─── PROVIDED DATA ───

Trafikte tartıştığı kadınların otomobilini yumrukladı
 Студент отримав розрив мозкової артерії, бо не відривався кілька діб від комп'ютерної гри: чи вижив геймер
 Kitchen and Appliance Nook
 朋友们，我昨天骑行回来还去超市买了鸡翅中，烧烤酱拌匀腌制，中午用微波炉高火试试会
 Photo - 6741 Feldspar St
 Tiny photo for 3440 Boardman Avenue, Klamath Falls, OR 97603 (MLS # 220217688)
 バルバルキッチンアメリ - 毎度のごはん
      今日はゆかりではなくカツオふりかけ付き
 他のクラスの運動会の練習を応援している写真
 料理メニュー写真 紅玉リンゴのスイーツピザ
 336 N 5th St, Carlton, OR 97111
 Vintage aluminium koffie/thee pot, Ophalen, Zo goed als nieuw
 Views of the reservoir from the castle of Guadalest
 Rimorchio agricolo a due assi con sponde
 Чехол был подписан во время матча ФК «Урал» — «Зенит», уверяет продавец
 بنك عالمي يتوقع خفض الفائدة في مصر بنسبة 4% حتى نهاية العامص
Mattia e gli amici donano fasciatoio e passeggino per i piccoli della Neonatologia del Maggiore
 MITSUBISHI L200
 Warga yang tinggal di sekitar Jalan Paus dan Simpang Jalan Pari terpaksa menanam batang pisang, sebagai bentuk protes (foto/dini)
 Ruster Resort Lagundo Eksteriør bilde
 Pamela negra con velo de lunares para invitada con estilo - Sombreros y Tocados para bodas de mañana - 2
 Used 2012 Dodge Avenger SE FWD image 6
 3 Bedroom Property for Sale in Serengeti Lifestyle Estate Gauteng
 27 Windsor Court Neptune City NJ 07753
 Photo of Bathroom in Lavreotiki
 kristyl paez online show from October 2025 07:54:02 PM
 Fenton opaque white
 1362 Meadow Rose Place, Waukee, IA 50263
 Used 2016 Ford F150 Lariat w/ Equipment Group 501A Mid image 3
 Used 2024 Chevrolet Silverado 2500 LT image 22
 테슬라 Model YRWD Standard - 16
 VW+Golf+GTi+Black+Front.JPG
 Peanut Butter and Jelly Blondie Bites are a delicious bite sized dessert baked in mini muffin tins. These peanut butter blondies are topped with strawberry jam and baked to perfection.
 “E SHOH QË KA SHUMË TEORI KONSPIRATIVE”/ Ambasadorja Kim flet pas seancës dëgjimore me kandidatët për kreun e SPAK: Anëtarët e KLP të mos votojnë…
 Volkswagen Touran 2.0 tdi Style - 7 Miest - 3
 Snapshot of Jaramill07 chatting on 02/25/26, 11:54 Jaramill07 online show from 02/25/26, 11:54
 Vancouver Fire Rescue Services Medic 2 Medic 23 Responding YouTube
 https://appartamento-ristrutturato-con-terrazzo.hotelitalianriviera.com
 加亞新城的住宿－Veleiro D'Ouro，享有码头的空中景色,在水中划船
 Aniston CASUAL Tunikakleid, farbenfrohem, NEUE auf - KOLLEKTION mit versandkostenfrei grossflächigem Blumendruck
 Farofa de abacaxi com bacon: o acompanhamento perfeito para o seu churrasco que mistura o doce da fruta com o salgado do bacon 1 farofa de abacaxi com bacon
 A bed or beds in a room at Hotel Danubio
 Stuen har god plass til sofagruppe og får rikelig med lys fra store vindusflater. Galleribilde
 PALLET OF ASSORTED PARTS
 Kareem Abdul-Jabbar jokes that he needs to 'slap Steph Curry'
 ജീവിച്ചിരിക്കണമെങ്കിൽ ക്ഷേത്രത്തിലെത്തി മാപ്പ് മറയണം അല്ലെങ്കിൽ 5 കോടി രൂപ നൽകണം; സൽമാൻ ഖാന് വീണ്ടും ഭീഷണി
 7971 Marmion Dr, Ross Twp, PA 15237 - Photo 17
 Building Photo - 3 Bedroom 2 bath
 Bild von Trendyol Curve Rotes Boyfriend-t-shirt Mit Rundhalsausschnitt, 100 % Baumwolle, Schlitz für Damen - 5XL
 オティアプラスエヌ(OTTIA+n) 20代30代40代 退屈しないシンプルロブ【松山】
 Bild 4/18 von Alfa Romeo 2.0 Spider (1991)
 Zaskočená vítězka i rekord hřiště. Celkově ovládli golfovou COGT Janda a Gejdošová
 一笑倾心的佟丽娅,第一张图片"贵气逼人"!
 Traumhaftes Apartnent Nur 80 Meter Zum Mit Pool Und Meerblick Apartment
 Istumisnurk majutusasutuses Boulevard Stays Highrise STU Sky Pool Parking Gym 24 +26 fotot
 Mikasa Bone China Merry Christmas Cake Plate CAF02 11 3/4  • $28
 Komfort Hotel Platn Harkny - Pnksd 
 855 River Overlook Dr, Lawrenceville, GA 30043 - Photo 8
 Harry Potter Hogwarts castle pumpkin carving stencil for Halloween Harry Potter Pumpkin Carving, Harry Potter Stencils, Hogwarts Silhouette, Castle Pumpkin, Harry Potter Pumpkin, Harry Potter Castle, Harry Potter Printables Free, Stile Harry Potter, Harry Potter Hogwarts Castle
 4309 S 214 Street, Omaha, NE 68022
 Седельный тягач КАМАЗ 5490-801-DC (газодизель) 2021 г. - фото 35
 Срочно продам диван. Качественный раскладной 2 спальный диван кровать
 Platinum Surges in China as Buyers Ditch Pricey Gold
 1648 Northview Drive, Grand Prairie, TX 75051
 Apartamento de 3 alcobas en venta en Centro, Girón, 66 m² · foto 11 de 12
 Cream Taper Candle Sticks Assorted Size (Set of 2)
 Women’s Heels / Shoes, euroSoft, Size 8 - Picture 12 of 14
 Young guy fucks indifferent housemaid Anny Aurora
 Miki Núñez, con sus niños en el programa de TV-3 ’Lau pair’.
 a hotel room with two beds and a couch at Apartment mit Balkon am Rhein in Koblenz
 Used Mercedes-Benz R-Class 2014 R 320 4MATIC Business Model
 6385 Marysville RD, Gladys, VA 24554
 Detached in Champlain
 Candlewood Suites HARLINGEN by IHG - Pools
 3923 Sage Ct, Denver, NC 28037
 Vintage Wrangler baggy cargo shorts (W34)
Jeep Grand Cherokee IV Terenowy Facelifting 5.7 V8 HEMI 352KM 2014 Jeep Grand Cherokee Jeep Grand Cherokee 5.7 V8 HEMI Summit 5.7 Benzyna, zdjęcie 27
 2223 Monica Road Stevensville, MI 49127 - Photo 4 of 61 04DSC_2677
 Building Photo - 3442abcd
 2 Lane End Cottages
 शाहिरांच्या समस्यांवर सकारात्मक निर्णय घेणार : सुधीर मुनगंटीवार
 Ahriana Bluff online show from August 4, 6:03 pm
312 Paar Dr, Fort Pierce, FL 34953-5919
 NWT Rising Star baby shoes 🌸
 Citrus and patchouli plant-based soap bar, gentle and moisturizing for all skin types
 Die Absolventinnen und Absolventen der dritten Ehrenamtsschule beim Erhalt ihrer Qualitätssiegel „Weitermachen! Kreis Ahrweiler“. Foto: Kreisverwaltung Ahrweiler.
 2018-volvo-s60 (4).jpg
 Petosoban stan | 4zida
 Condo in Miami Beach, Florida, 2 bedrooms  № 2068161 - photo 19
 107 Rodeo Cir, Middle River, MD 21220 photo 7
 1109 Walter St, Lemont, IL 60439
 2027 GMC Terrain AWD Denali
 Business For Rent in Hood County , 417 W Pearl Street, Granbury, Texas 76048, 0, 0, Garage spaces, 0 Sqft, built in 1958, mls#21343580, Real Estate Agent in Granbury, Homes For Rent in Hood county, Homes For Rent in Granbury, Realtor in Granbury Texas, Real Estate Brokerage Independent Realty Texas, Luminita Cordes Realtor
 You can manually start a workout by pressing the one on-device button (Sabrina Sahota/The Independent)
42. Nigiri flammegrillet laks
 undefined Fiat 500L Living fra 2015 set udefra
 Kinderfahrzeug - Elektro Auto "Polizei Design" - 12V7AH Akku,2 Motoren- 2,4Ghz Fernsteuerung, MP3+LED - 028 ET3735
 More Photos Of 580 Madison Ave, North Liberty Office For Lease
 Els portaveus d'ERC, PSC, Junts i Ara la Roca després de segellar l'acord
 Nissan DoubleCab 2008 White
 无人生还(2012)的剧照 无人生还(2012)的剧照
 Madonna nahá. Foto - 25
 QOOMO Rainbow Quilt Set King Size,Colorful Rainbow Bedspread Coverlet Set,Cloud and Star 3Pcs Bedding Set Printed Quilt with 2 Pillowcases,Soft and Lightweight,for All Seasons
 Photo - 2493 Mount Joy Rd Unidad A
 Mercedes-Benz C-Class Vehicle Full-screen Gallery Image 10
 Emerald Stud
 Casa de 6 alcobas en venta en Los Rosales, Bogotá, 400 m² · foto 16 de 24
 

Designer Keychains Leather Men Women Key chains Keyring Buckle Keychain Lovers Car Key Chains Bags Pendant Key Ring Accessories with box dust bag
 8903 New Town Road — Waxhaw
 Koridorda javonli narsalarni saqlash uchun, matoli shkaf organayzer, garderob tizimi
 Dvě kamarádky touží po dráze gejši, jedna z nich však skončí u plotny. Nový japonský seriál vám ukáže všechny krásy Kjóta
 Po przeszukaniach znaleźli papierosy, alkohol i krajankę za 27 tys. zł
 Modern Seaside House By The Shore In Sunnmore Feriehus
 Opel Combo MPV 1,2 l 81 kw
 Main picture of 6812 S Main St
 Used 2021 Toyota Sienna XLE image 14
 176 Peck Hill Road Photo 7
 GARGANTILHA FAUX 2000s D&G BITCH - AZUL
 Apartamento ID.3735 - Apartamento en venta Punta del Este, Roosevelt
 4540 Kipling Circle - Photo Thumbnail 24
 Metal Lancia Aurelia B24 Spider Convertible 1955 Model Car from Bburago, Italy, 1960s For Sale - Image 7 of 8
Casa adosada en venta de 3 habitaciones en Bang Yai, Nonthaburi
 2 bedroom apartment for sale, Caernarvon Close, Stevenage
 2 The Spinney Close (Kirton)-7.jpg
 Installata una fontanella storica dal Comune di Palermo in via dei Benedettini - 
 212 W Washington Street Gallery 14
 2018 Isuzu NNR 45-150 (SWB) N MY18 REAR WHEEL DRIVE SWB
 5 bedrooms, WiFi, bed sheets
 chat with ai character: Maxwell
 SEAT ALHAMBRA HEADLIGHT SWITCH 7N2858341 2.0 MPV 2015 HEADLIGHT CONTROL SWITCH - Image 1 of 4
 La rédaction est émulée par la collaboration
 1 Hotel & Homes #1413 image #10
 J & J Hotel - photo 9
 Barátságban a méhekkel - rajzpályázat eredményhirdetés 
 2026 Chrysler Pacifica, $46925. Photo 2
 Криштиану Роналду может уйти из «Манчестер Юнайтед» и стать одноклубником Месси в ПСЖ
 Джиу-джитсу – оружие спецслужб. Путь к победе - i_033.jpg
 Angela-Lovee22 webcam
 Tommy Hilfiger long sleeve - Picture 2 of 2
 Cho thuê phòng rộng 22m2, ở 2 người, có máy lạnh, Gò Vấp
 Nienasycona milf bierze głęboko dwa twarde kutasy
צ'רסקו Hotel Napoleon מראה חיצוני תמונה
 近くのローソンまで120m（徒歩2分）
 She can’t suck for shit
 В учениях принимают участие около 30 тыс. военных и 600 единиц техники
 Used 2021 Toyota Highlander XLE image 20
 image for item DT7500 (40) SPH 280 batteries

───

From the data above, gather every line that includes the word "Toyota".

 Used 2021 Toyota Sienna XLE image 14
 Used 2021 Toyota Highlander XLE image 20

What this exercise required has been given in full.